Dopo Fca, anche Autostrade per l’Italia vuole la garanzia statale

Dopo la richiesta delle garanzie statali per un prestito di oltre 6 miliardi da parte della Fiat, che sta facendo molto discutere, negli ultimi giorni un’altra azienda ha seguito le orme degli Agnelli, accendendo ulteriormente le polemiche, tanto all’interno della politica, quanto nell’opinione pubblica. Si tratta della richiesta della società Autostrade per l’Italia, ancora in pieno altomare per le inchieste sul crollo del Ponte Morandi, che vorrebbe 1,2 miliardi di garanzie statali. A confermarlo negli scorsi giorni  è stato direttamente l’amministratore delegato della società Roberto Tomasi in un’intervista a Il Sole 24ore. Ma non è tutto, perché a quanto emerso, Aspi non sarà l’unica azienda che fa capo alla famiglia Benetton che sta valutando la richiesta alle banche di prestiti ‘assicurati’ dalla garanzia statale, che quindi per l’intero gruppo si aggirerebbe in totale intorno ai 2 miliardi. Ad avere il peso maggiore nella decisione è il ministero dell’Economia, guidato da Roberto Gualtieri e che detiene il controllo della Sace, la società alla quale spetta il compito di garantire i prestiti. E Gualtieri non ha voluto porre, al momento, condizioni nemmeno a Fca.

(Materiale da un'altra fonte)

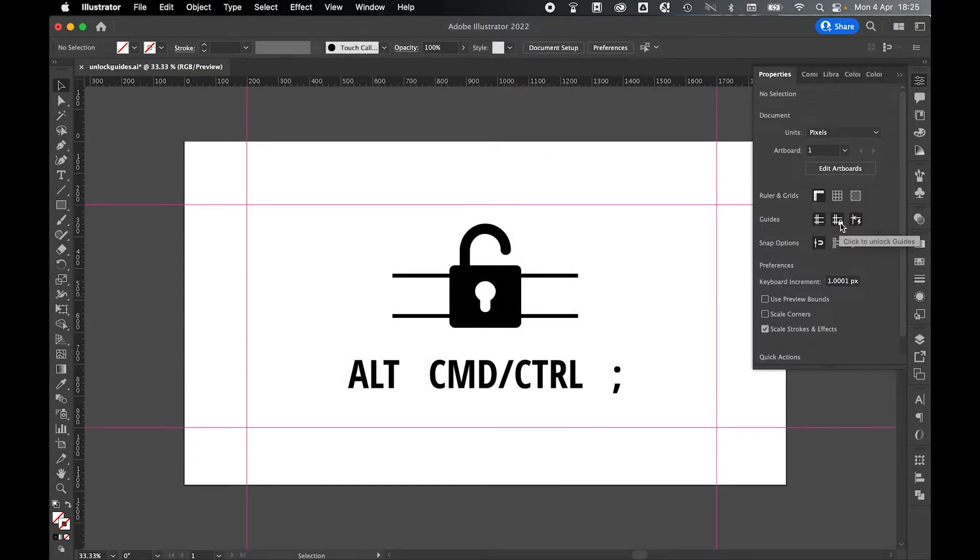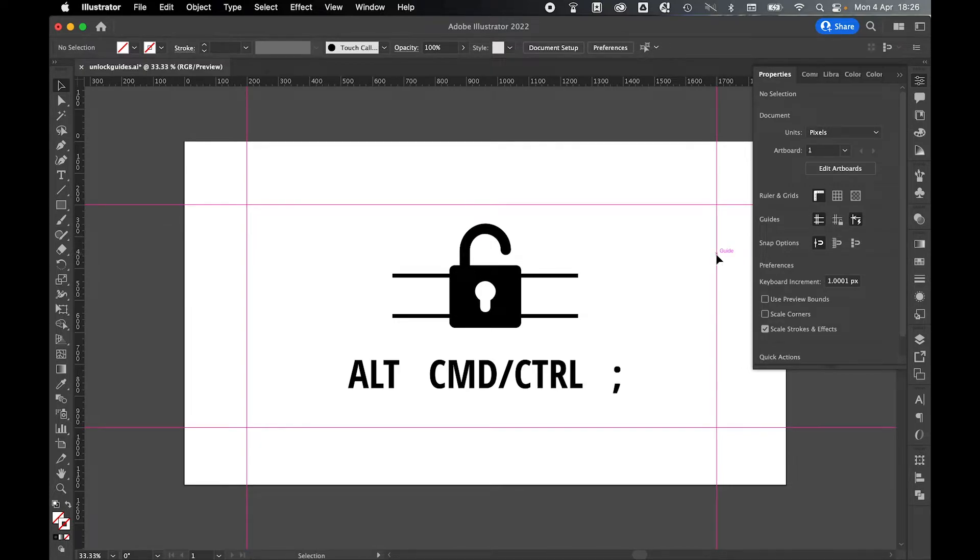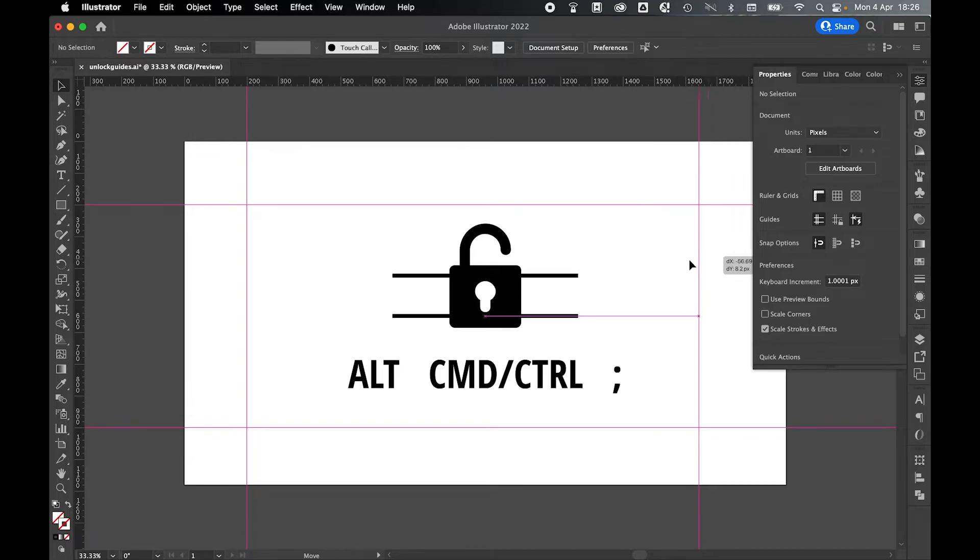click the Unlock Guides button to unlock the guides, and from there hover your Selection tool over the guide, then click and drag to change the guide.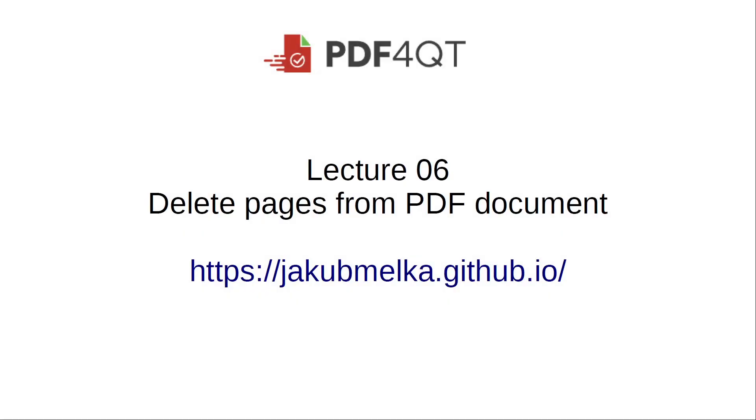In today's video tutorial, we will show you how to delete pages from PDF documents.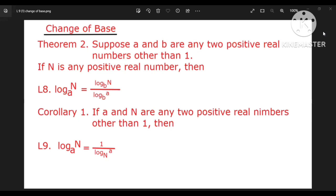So the solution is log N base A equals log N base B divided by log A base B, where A and B are any positive real numbers other than one.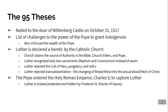Luther was declared a heretic by the Catholic Church. The Church said authority comes from the Bible, church elders, and the Pope — there is more to religion than just faith. Luther recognized only two sacraments: baptism and communion, while the Catholic Church recognizes seven. Luther rejected the cult of Mary, purgatory, and relics. For example, during Luther's time there were 12 heads of Saint John the Baptist floating around Europe — how could anyone prove which was real? Luther also rejected transubstantiation. Catholics believed the bread and wine literally became the blood and flesh of Christ; Luther said it is completely symbolic.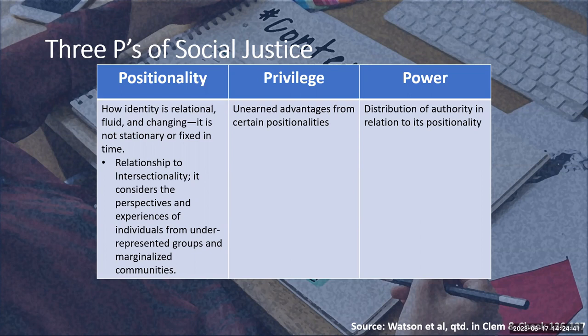Three authors — Rebecca Watson, Kristen Moore, and Natasha Jones — wrote in 2019, Technical Communication After the Social Justice Turn: Building Coalitions for Action. This book is referenced with authors Sam Plann and Ryan Cheek. As they explain, the three P's of social justice are positionality, privilege, and power. Understanding these terms provides great context for our discussions on identity and editing.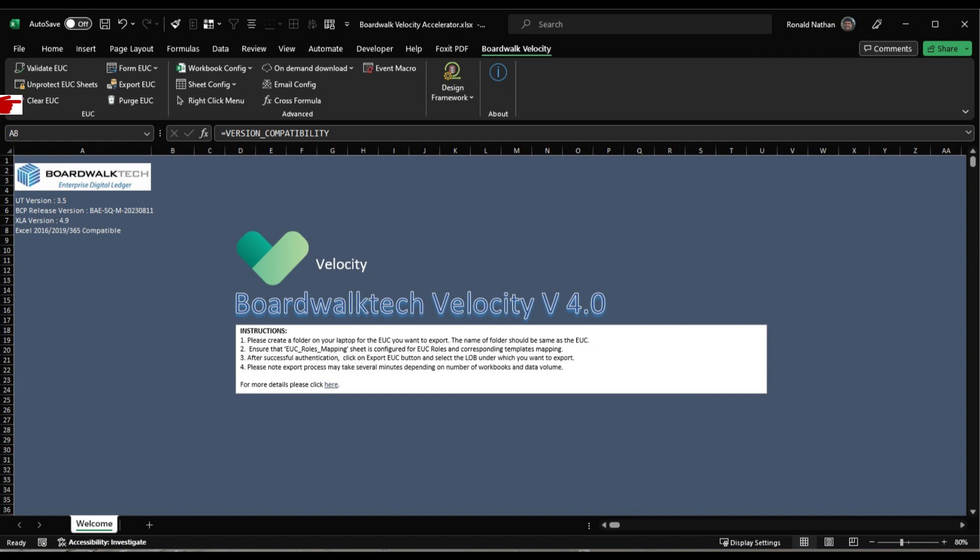Form EC is designed for worksheets resembling forms rather than traditional data workbooks. Export EC is utilized when satisfied with the validation process and ready for upload to the BoardWalk platform.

Ma quali condizioni dovranno essere rispettate per ottenere quel prestito? I paletti previsti dal decreto Liquidità, ora in fase di conversione in legge, sono piuttosto blandi. Sede in Italia: Fca Italy lo rispetta. Rinuncia a distribuire dividendi per un anno: il gruppo si è mosso d’anticipo e ha annunciato lo stop già la settimana scorsa. Quanto allo spauracchio di una – ulteriore – delocalizzazione delle attività, il testo iniziale non prevedeva nulla di specifico. Una norma ad hoc a dire la verità è prevista dal decreto Dignità, (DL 87/2018, convertito nella Legge 96/2018) ma riguarda gli aiuti di Stato tout court e non le garanzie.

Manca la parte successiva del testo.